Well, I've been away from the United States for more than two months now, and I return in less than three weeks. In short, It's been a whirlwind. My steps into this trip were with almost no expectations, with the exception of a romanticized view of Europe. But alas, with development and globalization, I have found this world to be much smaller than I imagine, while at the same time my personal point of view grows bigger.
The trail I've left goes through Berlin, Bamberg, Munich, Zurich, Geneva, Zermatt, Lyon, Annecy, lots of places here and there between France and Switzerland, much of the Southern coast of France including Cannes, Marseilles, and Nice, Monaco, Aix-En-Provence, Paris, Amboise, Amsterdam, Dordrecht, and now I am in a small farming village called Heerhugoward in Nord Holland. Next is Hamburg and Copenhagen, maybe hitch hiking my way there via Amsterdam. Then a week in LA before home in Portland.
I've fallen in love with lots of places, but not like I have with Holland. With the changing of Portland (it moving away from the characteristics I initially adored from the inflation of new residents), I find myself dreading to go back more and more. And so, this entire trip has almost been a long journey to find somewhere new to settle and dig my roots into. I fell in love with Paris, but the hobbit in me fell even harder for Amsterdam, then even more so for the Dutch countryside.
The past couple days I've been staying in a Pipowagen, a small Dutch wagon, on a farm here in Heerhugoward owned by a husband and wife team. Kees, the husband, has been incredibly generous, providing an endless supply of fresh eggs and a tour of his homeland. He showed us the old windmills, and an area he grew up in as a child called the Realm of a Thousand Islands, Broek op Langedijk in North Holland. It was a place where the people dug out swamps in the earlier centuries, building literally a thousand islands. Canals are combed through the land, and in his day, they would travel by boat. Even garbage was picked up using boats. He talked about how the canals would freeze in the winter, and everybody, kids and elders, would ice skate on top of them (as we're told, the Dutch are ice skating people). Neighbors would provide hot chocolate and bread, he told us the Dutch name, but I forgot it already. It's changed a lot since he was a child some forty years ago. Several canals filled in to make roads and more land, there are bridges made of concrete instead of wood, and newer houses now line the street. It's a bit sad, and there's an appreciation of the "good ol' days", but it's also understood that these are necessary changes that need to happen with the growing world for the good of the people and for future generations. However, watching the sun set in such big sky behind a tree spotted valley as a young man rides a boat through a canal in the foreground leaving a ripple through the water, I felt there's still so much pureness and joy.

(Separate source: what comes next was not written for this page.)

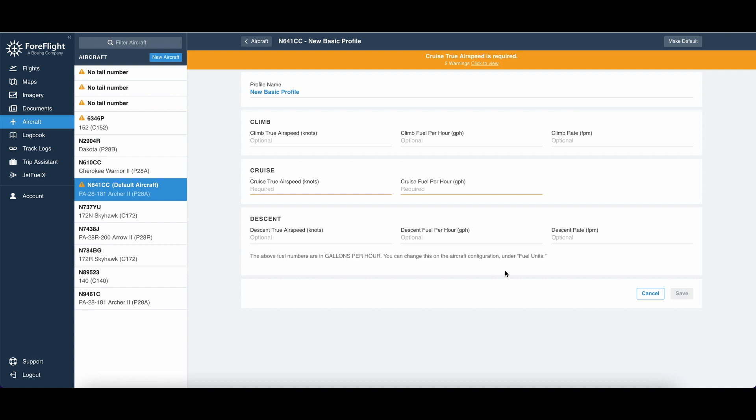So my recommendation here is choose a descent rate that's 500 feet per minute, maybe a little bit less. 500 feet per minute is the comfortable range for passengers, and it's pretty standard. It's pretty standard for instrument, and so in VFR, it's a good number to pick.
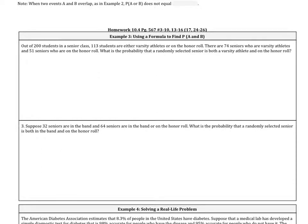We're going to use a formula to find the probability of A and B. Out of 200 students in a senior class, there are 113 students who are either varsity athletes or on the honor roll. There are 74 seniors who are varsity athletes and 51 seniors who are on the honor roll. What is the probability that a randomly selected senior is both a varsity athlete and on the honor roll?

Today mon amour et moi went on a little bike ride through Kees' neighborhood. The area use to be a place of vegetable farmers, but in the past years the people have shifted to flowers, as there is not as much of a demand for vegetables from Holland as there use to be. I foraged some weeds among an area packed with industrial flower farms and greenhouses, then went back to the Pipowagen to play with them among bread, wine, and some rose petal jam I got from a grocery store in Paris. After spending almost two months in cities, my nature loving Oregonian heart was wanting just this, a little taste of home.
What does all of this mean for RUE? Well, I don't know. All I know is that Holland has won me over. The windmills, the clouds, the tulips, and cows, all of it. I'm already dreaming about returning here one day. Only time will tell.